### RECORDED DATA

□ □ □

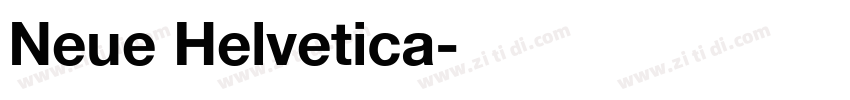 Neue Helvetica字体转换
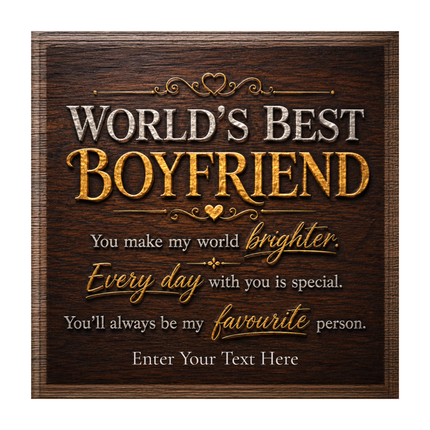 Worlds Best Boyfriend Infinity Knot Bracelet With Personalised Keepsake Box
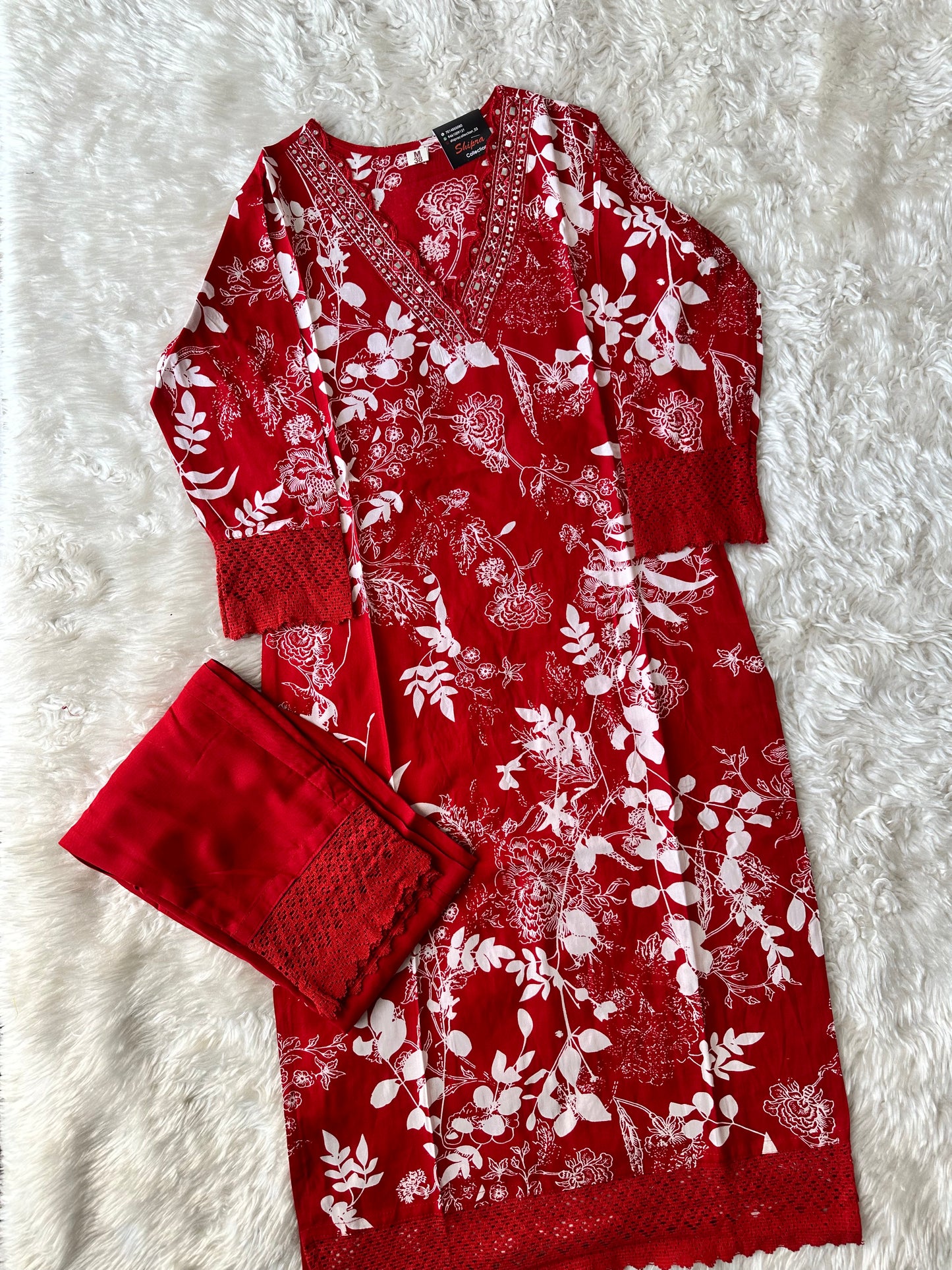 Rayon Kurti Pant Set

□ □ □

### WORK REQUEST
Reproduce the data above line for line, excluding every picture.

### SOLUTION
 Neue Helvetica字体转换
 Worlds Best Boyfriend Infinity Knot Bracelet With Personalised Keepsake Box
 Rayon Kurti Pant Set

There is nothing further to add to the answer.